TASK DETAILS ▸ Where the line containing "property at 315 Hayward Ave" appears, end the copy there, keeping that line; start from the first line of the entries, copy exactly, and omit pictures.

(Data extracted from a collection)

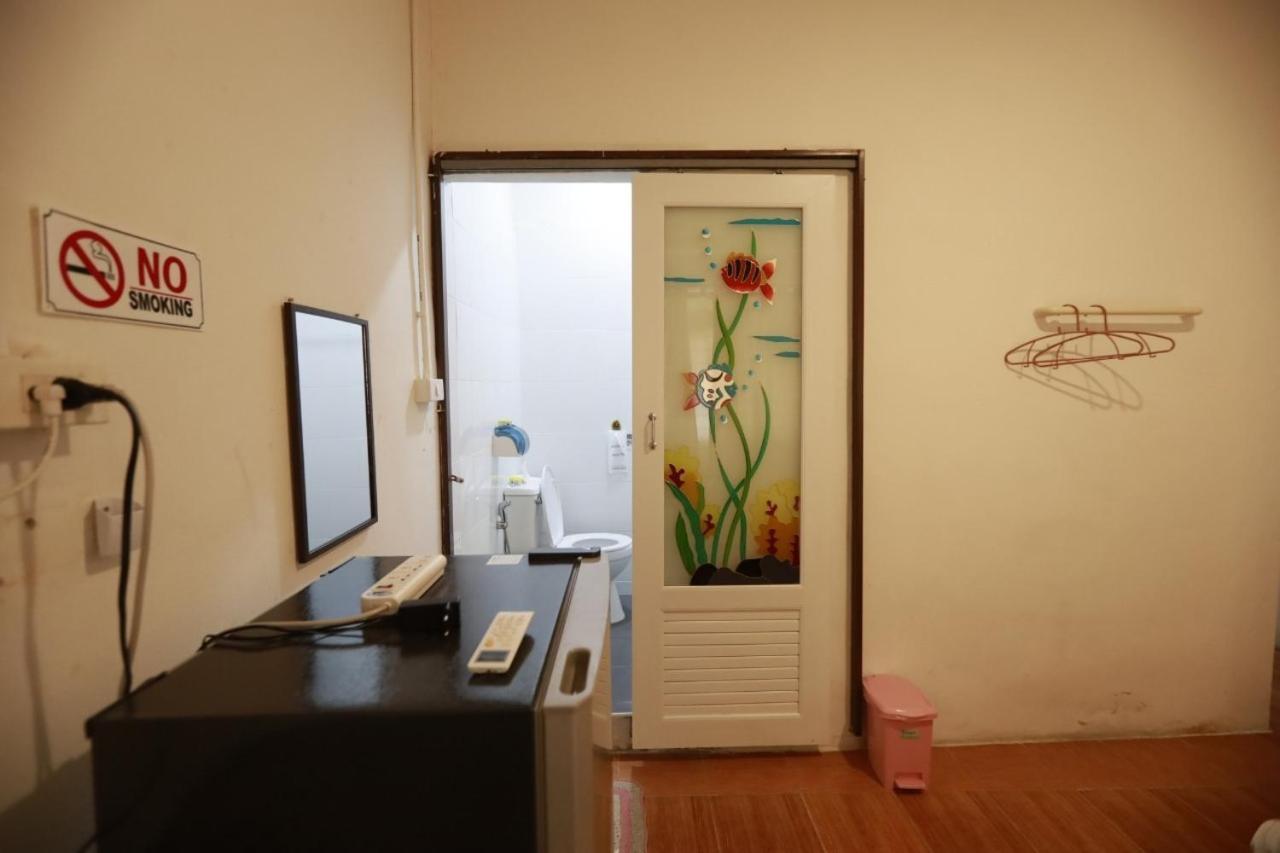 Banana Hostel Donmuang Bangkok Zewnętrze zdjęcie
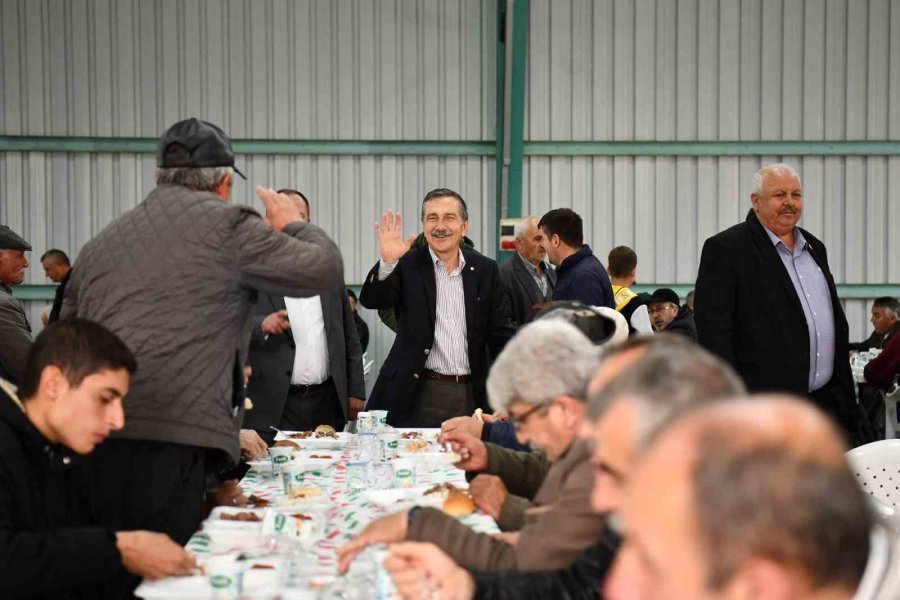 Başkan Ataç Yağmur Dualarında Vatandaşla Buluştu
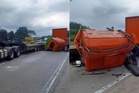 Kereta langgar babi sebelum bertembung lori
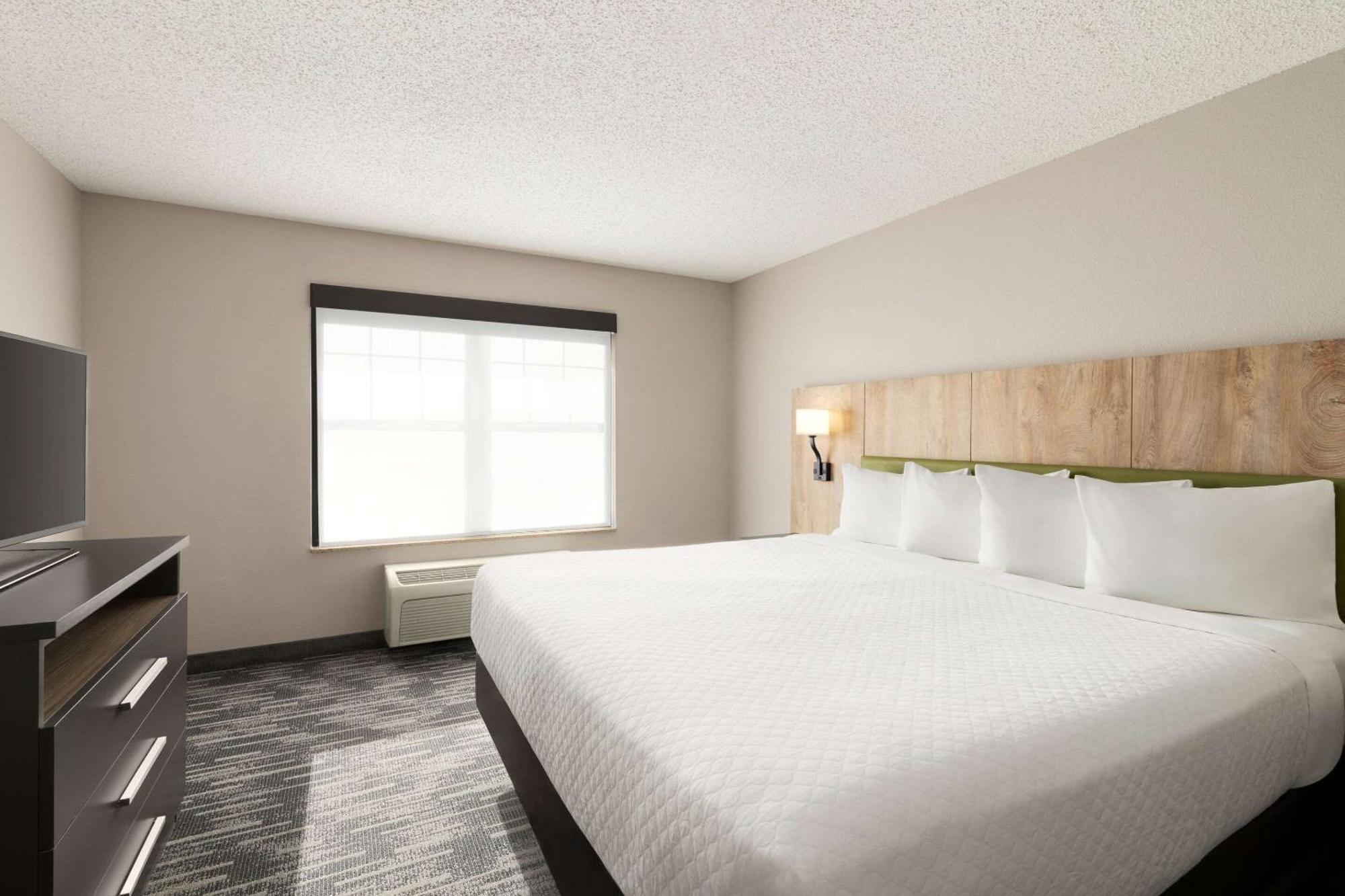 Country & By Radisson, Boise West - Hotel Meridian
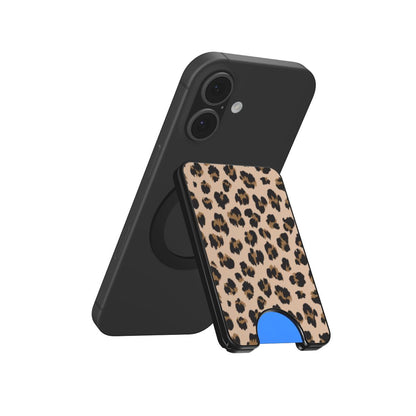 MagSafe Wallet Leopard Three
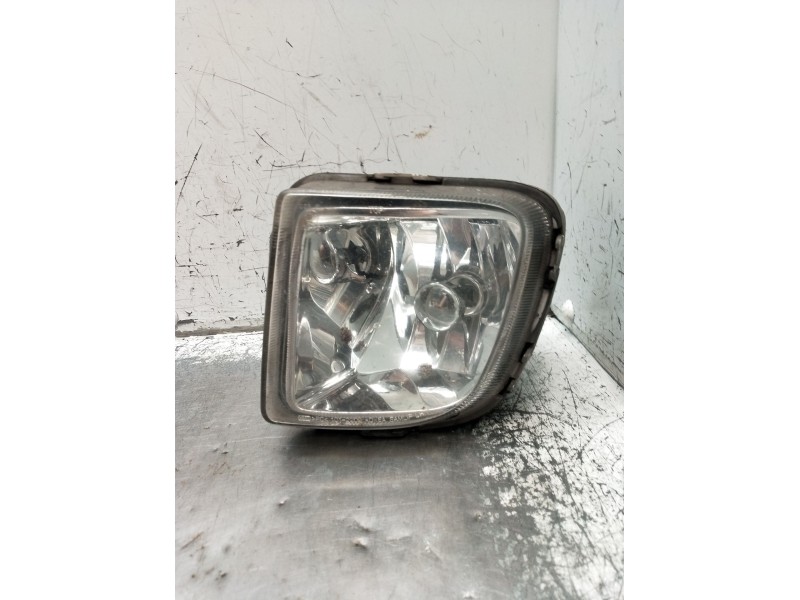 Recambio de faro antiniebla izquierdo para hyundai h-1 furgoneta (a1) 2.5 crdi referencia OEM IAM   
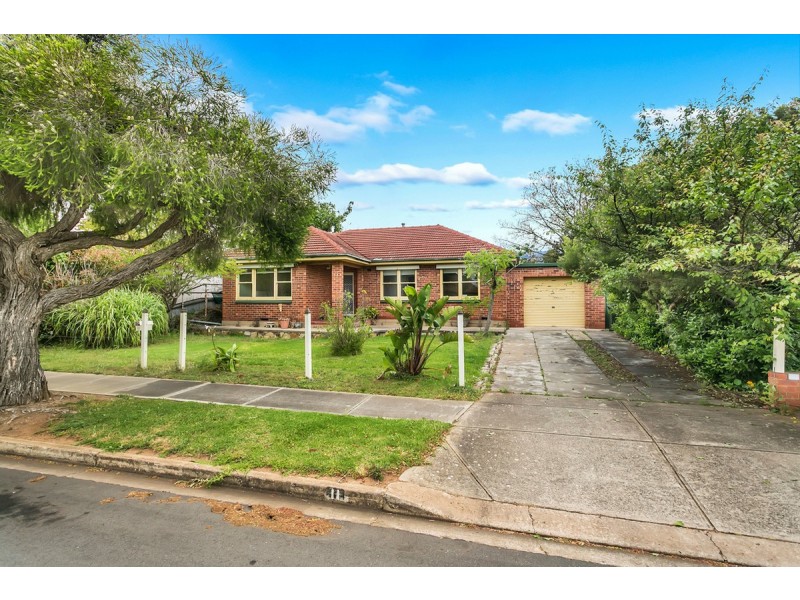 11 Munro Avenue, Sefton Park SA 5083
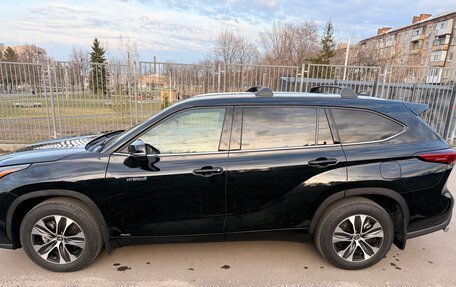 Toyota Highlander, 2021 год, 5 100 000 рублей, 4 фотография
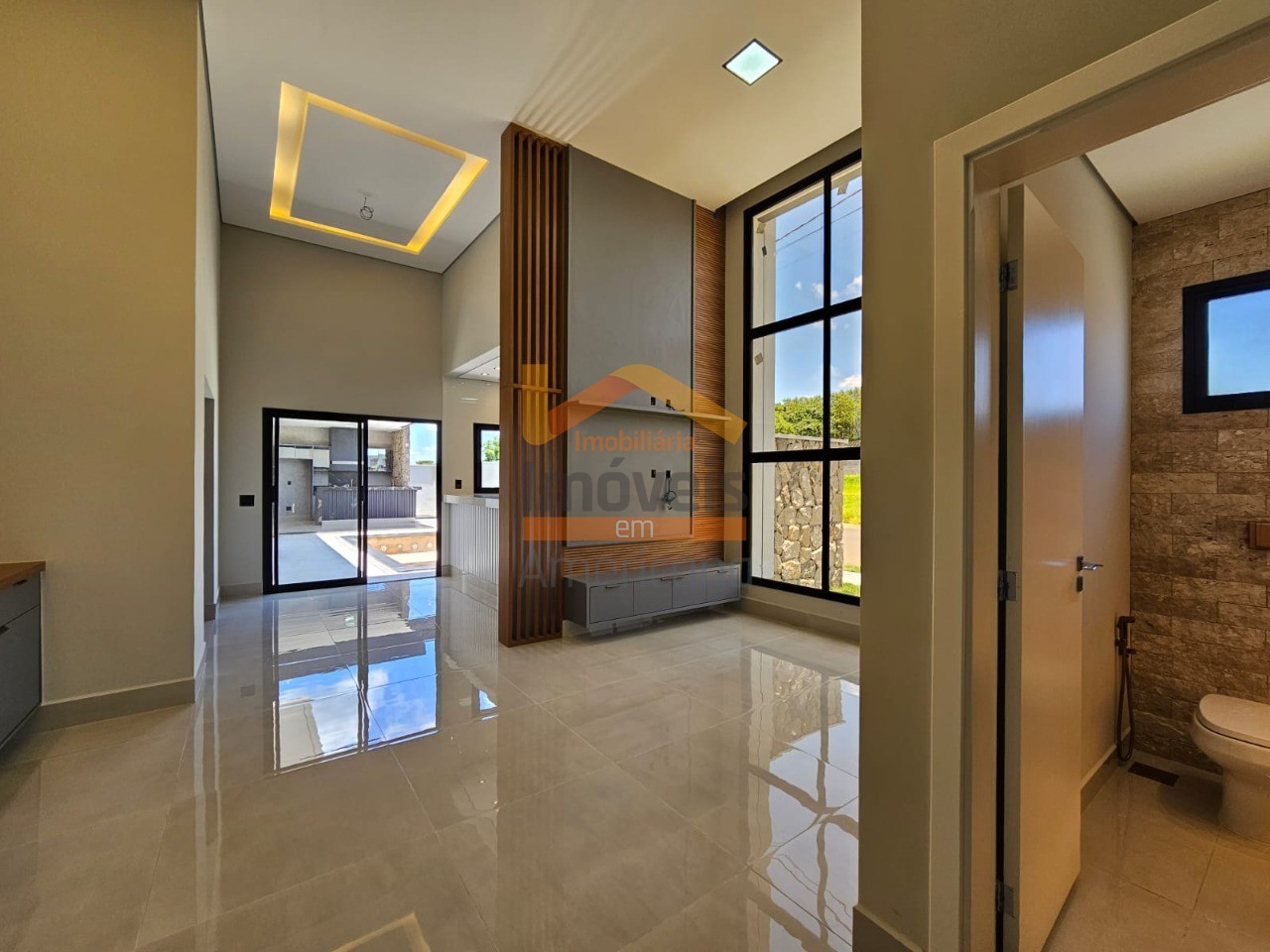 Casa de Condomínio à venda e aluguel com 3 quartos, 340m² - Foto 1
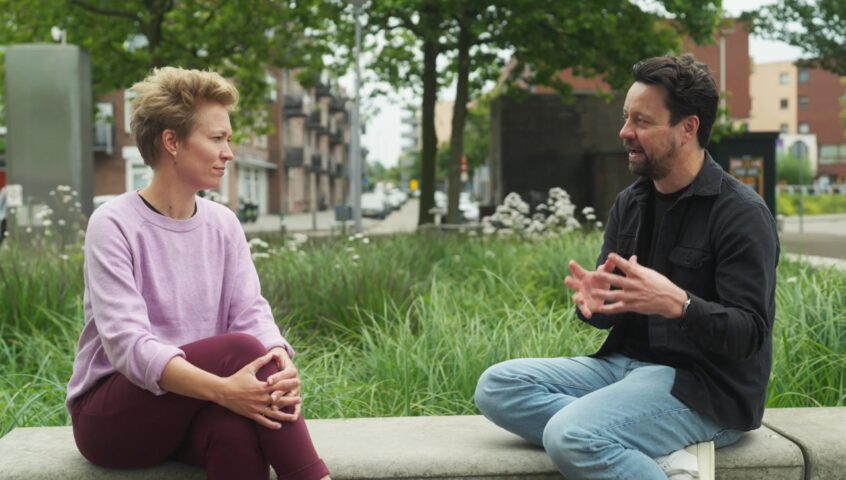 Ted Veldkamp in de buitenruimte in gesprek met Johan Verlinde van Stadsbeheer Rotterdam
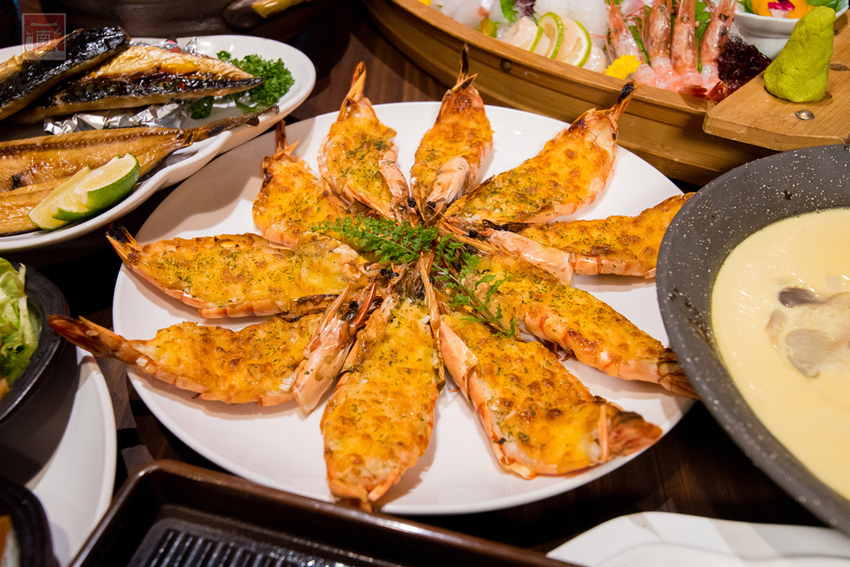 【臺南年菜】14道日式年菜任你搭｜最道地最經典的日式年菜｜隨您選任您挑滿足不同需求｜日式料理年菜外賣.內用｜平常日也有供應~~聚樂海鮮居食屋 - 南人幫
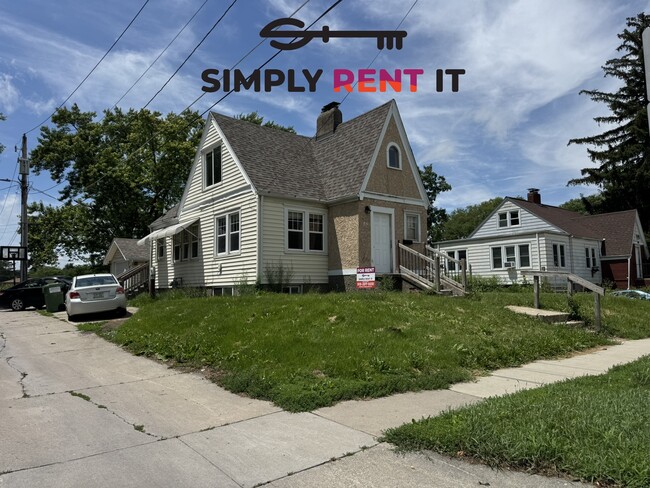 property at 315 Hayward Ave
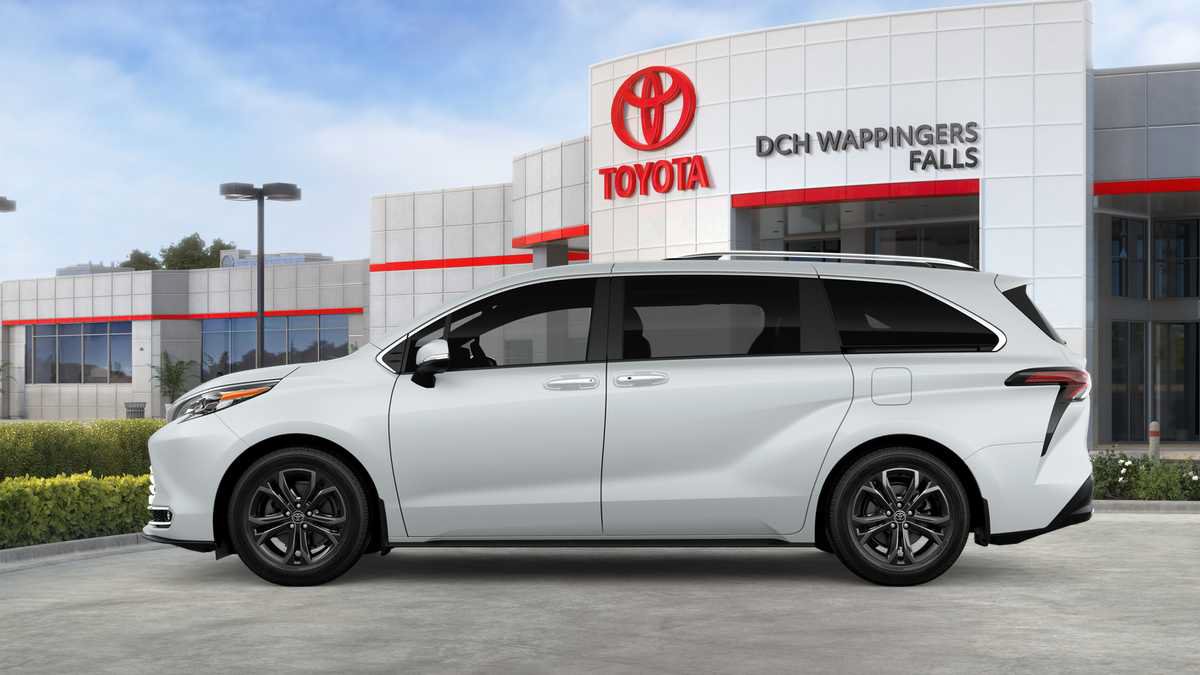New 2026 Toyota Sienna Platinum AWD/4WD image 26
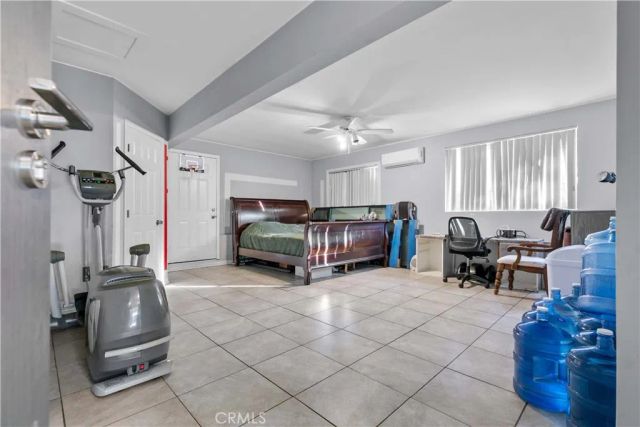 10533 Samoa Avenue, Tujunga, CA 91042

SOLUTION TO THIS EXERCISE ▸
 Banana Hostel Donmuang Bangkok Zewnętrze zdjęcie
 Başkan Ataç Yağmur Dualarında Vatandaşla Buluştu
 Kereta langgar babi sebelum bertembung lori
 Country & By Radisson, Boise West - Hotel Meridian
 MagSafe Wallet Leopard Three
 Recambio de faro antiniebla izquierdo para hyundai h-1 furgoneta (a1) 2.5 crdi referencia OEM IAM   
 11 Munro Avenue, Sefton Park SA 5083
 Toyota Highlander, 2021 год, 5 100 000 рублей, 4 фотография
 Casa de Condomínio à venda e aluguel com 3 quartos, 340m² - Foto 1
 Ted Veldkamp in de buitenruimte in gesprek met Johan Verlinde van Stadsbeheer Rotterdam
 【臺南年菜】14道日式年菜任你搭｜最道地最經典的日式年菜｜隨您選任您挑滿足不同需求｜日式料理年菜外賣.內用｜平常日也有供應~~聚樂海鮮居食屋 - 南人幫
 property at 315 Hayward Ave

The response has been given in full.